======== SUPPLIED RECORDS ========

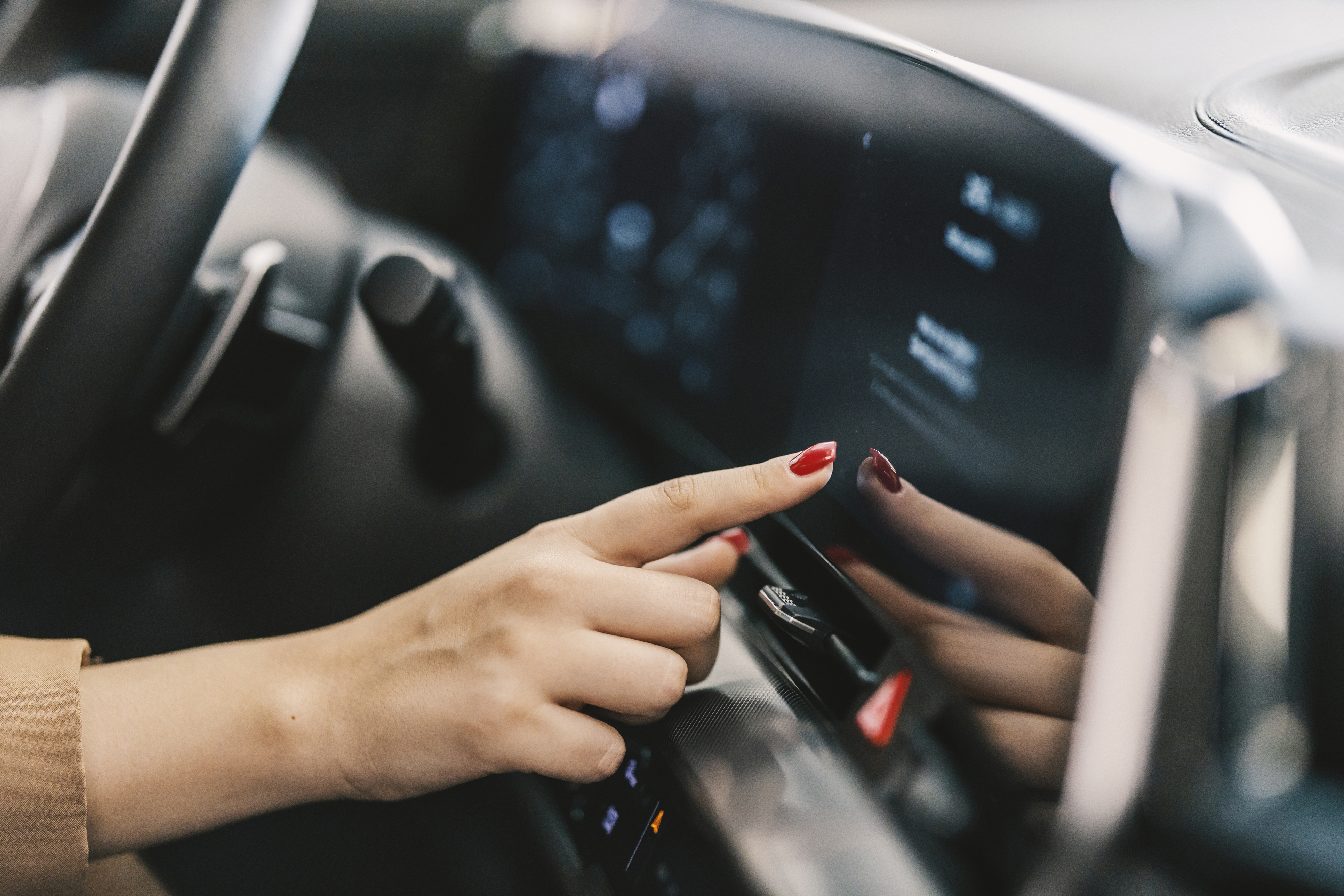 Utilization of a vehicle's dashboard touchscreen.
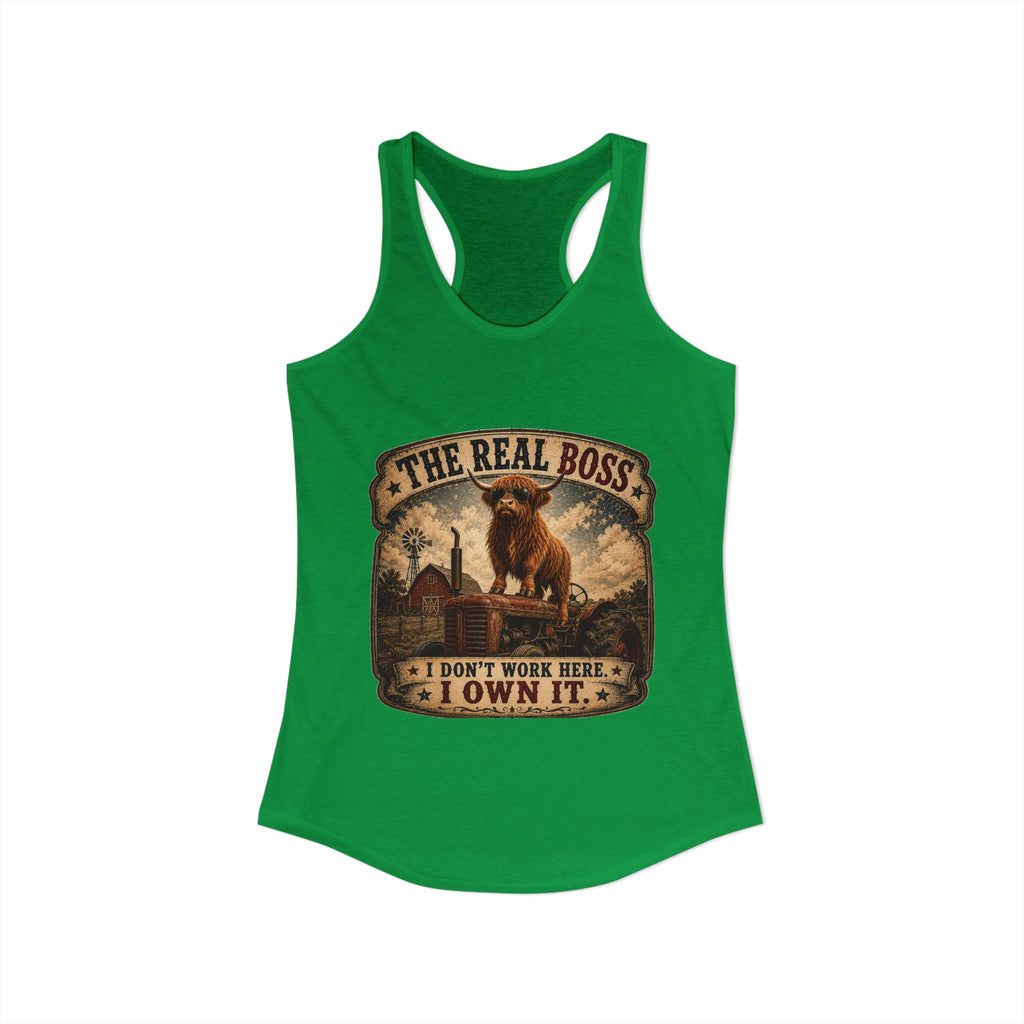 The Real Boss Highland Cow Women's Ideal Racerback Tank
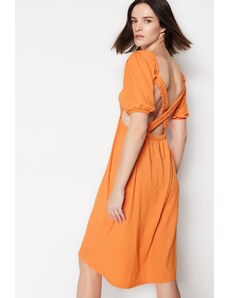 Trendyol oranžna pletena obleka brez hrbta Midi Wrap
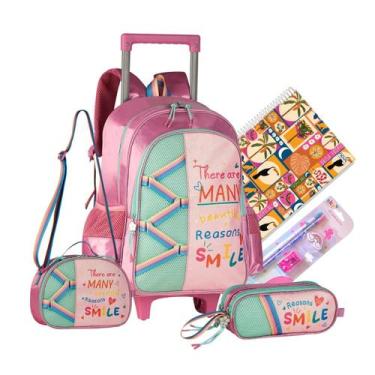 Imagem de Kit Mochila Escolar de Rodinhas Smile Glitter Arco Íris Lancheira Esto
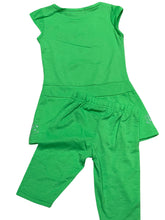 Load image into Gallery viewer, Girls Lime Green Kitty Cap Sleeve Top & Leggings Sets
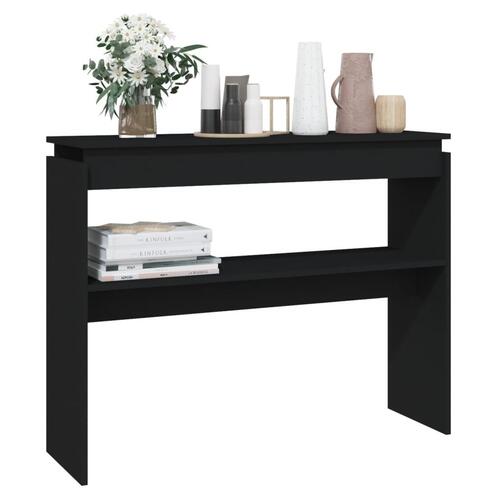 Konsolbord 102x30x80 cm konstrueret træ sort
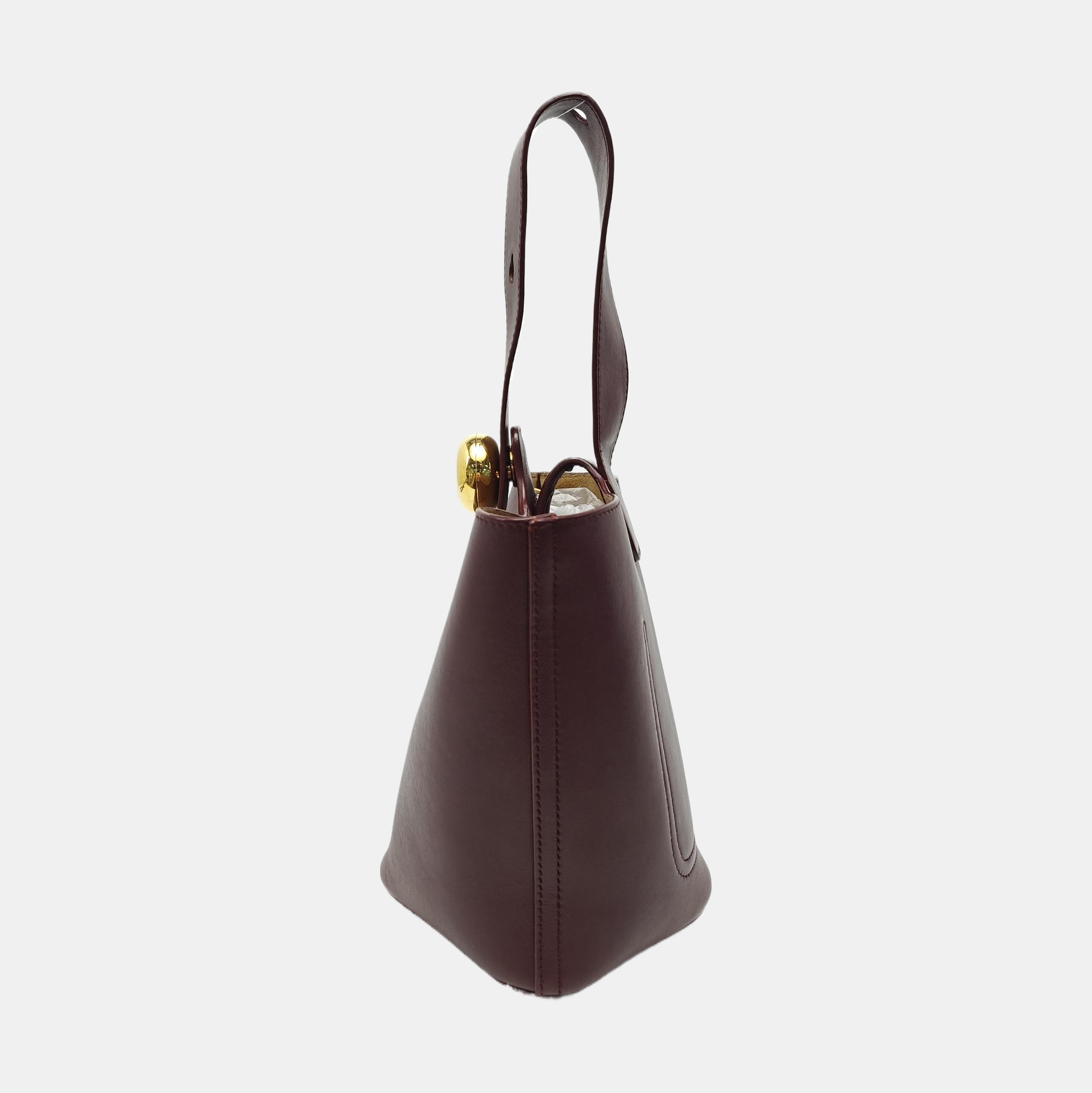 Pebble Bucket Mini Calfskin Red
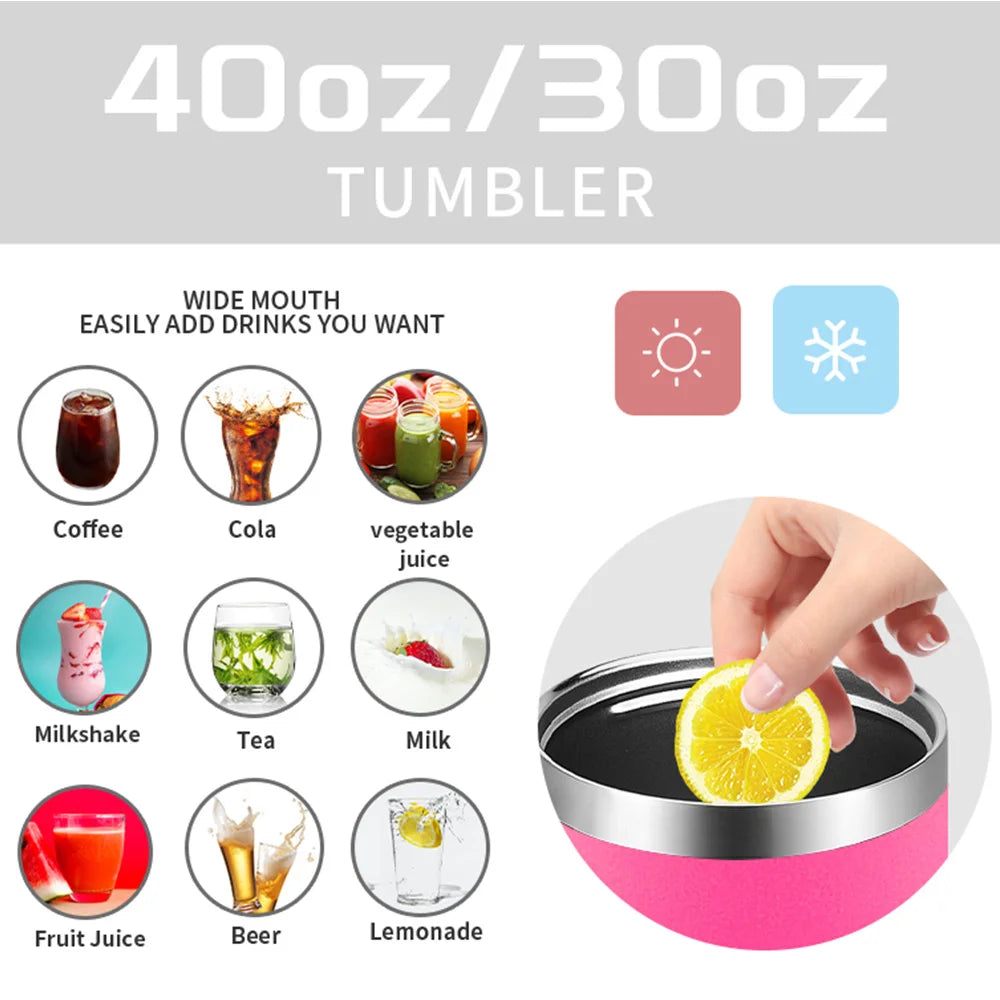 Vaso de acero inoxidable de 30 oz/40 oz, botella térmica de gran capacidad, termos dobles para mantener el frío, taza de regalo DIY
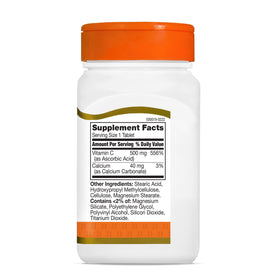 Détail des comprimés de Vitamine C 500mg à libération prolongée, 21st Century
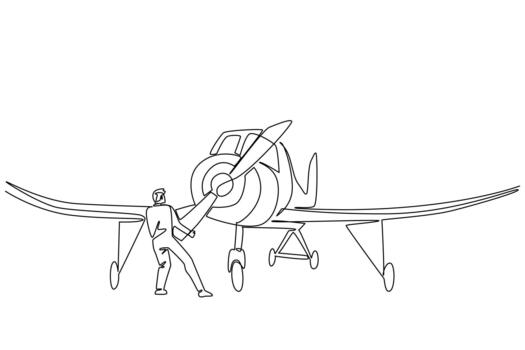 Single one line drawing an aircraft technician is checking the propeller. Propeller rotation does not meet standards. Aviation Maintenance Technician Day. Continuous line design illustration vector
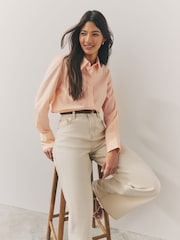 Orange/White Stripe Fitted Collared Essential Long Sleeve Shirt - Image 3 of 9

========

__PROBLEM DESCRIPTION__. Retype the listing exactly. Skip every picture.

__EXERCISE SOLUTION__.
 Utilization of a vehicle's dashboard touchscreen.
 The Real Boss Highland Cow Women's Ideal Racerback Tank
 Trendyol oranžna pletena obleka brez hrbta Midi Wrap
 Imagem de Kit Mochila Escolar de Rodinhas Smile Glitter Arco Íris Lancheira Esto
 Load image into Gallery viewer, Girls Lime Green Kitty Cap Sleeve Top & Leggings Sets
 Konsolbord 102x30x80 cm konstrueret træ sort
 Pebble Bucket Mini Calfskin Red
 Vaso de acero inoxidable de 30 oz/40 oz, botella térmica de gran capacidad, termos dobles para mantener el frío, taza de regalo DIY
 Détail des comprimés de Vitamine C 500mg à libération prolongée, 21st Century
 Single one line drawing an aircraft technician is checking the propeller. Propeller rotation does not meet standards. Aviation Maintenance Technician Day. Continuous line design illustration vector
 Orange/White Stripe Fitted Collared Essential Long Sleeve Shirt - Image 3 of 9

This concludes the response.